Artistic practices as a site of human rights. How performative ethnography can facilitate a deeper contextual understanding

Article by Tine Destrooper and Sofie Verclyte in the Journal of Human Rights Practice

Artistic practices as a site of human rights. How performative ethnography can facilitate a deeper contextual understanding

There has been, in the past two decades, more scholarly attention for how rights-holders understand human rights norms, and how these understandings interact with pre-existing notions of (social) justice. This attention for rights-holders’ lived experiences can be linked to the growing influence of socio-legal and legal anthropological perspectives, as well as to that of emancipatory research methods, such as participatory action research. What these perspectives and methods have in common is their interest in how people experience and express their rights in practice, and how they give meaning to them. Remarkably little attention, however, has been paid to the question of how we try to understand this process of meaning-making. The dominant modes of engagement tend to (a) emphasize the spoken or written word, and (b) presume—the possibility of—an accessible verbal narrative.
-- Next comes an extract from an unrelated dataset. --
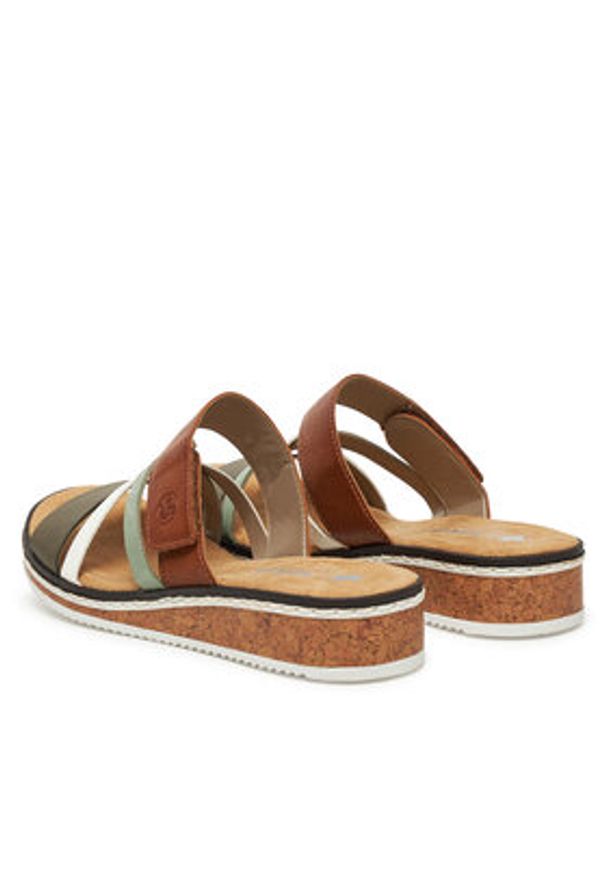 Rieker Klapki V3652-91 Brązowy. Kolor: brązowy. Materiał: materiał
The shortcomings of engaging exclusively on the basis of verbal language becomes clear when considering the lived experience of certain particularly vulnerable groups, such as displaced people who are coping with ongoing violence and trauma or who have been forced into silence for years. Not everyone can speak freely about their lived experience or can tell a coherent story about it, and adopting an—exclusively—word-driven engagement strategy may reproduce existing power relations. Based on preliminary fieldwork with refugees from Syria in the Shatila refugee camp, we argue that a performative ethnography rooted in collaborative making and artistic practice is a promising way to engage with and understand how people make sense of their lived experience, as it allows research participants to express themselves using those (skilled and artistic) practices most familiar to them. We reflect on how a practice-driven mode of engagement may shed a different light on how people make sense of questions related to justice and their rights.